• Activity:
Please return, with no alterations, the lines below from the very first through the one that contains "Maison Margiela Replica".

Short web captions:
....

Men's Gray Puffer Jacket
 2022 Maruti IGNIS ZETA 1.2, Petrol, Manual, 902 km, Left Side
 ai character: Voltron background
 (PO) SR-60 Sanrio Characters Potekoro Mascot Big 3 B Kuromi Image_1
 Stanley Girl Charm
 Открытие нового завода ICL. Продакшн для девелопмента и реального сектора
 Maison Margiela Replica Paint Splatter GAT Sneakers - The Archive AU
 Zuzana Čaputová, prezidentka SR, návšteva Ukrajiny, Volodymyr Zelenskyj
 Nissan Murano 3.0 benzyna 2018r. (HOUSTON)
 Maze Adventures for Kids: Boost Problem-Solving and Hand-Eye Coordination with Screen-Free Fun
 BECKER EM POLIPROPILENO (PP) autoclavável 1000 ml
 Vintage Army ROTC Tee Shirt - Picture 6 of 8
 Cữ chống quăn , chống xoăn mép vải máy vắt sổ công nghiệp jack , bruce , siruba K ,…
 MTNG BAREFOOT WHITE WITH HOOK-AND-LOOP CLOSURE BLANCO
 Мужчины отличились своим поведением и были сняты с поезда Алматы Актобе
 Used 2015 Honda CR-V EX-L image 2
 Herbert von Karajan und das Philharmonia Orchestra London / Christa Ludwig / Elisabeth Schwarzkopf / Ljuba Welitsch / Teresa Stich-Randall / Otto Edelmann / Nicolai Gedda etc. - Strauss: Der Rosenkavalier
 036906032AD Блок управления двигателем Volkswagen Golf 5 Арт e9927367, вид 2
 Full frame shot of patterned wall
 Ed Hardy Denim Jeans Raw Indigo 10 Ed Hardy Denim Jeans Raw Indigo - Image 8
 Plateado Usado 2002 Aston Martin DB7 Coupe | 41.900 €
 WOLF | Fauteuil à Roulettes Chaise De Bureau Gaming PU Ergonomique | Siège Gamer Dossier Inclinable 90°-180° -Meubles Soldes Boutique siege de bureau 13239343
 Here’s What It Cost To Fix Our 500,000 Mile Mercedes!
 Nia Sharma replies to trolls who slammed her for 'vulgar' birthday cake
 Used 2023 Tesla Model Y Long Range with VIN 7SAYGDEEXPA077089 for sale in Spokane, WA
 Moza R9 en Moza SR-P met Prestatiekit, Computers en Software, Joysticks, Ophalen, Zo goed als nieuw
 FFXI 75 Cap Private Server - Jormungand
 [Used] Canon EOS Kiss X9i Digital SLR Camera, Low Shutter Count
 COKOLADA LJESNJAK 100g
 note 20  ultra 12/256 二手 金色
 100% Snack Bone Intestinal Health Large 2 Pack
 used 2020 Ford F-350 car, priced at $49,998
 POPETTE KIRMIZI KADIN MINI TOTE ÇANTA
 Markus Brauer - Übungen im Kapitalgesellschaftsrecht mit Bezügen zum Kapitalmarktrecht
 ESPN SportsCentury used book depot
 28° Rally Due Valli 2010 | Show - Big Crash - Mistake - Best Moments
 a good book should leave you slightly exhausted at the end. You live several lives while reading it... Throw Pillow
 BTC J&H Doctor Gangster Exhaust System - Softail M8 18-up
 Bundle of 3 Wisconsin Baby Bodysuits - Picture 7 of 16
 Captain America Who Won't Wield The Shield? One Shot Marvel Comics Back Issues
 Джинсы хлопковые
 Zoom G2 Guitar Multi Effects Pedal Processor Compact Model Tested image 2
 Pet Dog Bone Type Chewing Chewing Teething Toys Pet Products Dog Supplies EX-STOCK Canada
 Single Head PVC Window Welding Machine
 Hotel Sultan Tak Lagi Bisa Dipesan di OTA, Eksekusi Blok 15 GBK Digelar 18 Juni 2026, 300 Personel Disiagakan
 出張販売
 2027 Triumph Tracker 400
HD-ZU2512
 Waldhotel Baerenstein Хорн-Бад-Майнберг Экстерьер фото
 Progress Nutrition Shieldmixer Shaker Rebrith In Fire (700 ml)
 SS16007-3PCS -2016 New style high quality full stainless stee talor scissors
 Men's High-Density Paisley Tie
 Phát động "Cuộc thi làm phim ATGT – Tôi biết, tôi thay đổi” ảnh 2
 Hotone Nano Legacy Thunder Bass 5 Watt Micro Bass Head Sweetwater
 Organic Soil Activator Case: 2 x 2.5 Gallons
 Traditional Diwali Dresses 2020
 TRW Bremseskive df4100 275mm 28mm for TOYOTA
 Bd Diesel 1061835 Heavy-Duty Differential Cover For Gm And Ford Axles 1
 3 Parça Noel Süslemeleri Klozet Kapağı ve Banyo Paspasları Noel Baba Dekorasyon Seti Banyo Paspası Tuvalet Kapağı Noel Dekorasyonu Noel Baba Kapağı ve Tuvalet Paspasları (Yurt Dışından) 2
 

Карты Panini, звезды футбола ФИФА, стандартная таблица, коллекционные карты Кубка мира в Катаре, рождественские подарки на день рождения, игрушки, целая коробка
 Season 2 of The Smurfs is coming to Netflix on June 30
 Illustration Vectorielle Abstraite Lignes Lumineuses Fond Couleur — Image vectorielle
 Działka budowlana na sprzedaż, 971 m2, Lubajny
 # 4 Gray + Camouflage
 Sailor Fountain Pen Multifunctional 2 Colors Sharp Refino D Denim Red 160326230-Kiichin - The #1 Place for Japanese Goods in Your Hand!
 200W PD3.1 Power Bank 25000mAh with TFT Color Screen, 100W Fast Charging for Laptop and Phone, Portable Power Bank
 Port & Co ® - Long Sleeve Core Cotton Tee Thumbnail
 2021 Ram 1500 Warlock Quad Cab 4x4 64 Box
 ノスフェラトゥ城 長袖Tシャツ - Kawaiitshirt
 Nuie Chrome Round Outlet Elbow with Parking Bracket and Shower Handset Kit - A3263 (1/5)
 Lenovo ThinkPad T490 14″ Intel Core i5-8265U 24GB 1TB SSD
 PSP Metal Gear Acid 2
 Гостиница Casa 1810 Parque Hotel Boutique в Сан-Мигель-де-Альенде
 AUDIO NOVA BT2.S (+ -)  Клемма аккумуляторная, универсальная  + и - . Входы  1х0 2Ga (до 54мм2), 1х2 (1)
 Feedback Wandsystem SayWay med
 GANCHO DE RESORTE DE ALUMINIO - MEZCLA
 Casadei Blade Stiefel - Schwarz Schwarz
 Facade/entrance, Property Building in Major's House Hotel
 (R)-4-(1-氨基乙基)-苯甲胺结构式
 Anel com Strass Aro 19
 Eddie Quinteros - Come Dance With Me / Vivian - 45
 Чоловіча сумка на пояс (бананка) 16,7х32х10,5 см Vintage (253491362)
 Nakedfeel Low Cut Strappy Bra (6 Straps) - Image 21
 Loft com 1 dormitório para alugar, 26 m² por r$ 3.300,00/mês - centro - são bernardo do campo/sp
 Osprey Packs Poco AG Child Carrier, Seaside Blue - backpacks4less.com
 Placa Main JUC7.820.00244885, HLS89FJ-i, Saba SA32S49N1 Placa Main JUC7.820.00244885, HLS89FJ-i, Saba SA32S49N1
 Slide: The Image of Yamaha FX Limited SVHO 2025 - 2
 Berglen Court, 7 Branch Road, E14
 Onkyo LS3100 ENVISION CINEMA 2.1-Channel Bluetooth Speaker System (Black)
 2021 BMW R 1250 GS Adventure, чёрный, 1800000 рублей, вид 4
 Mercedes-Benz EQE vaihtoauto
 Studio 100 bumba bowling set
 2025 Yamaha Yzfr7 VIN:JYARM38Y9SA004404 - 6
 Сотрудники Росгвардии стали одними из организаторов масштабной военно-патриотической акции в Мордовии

....

• Response to this exercise:
Men's Gray Puffer Jacket
 2022 Maruti IGNIS ZETA 1.2, Petrol, Manual, 902 km, Left Side
 ai character: Voltron background
 (PO) SR-60 Sanrio Characters Potekoro Mascot Big 3 B Kuromi Image_1
 Stanley Girl Charm
 Открытие нового завода ICL. Продакшн для девелопмента и реального сектора
 Maison Margiela Replica Paint Splatter GAT Sneakers - The Archive AU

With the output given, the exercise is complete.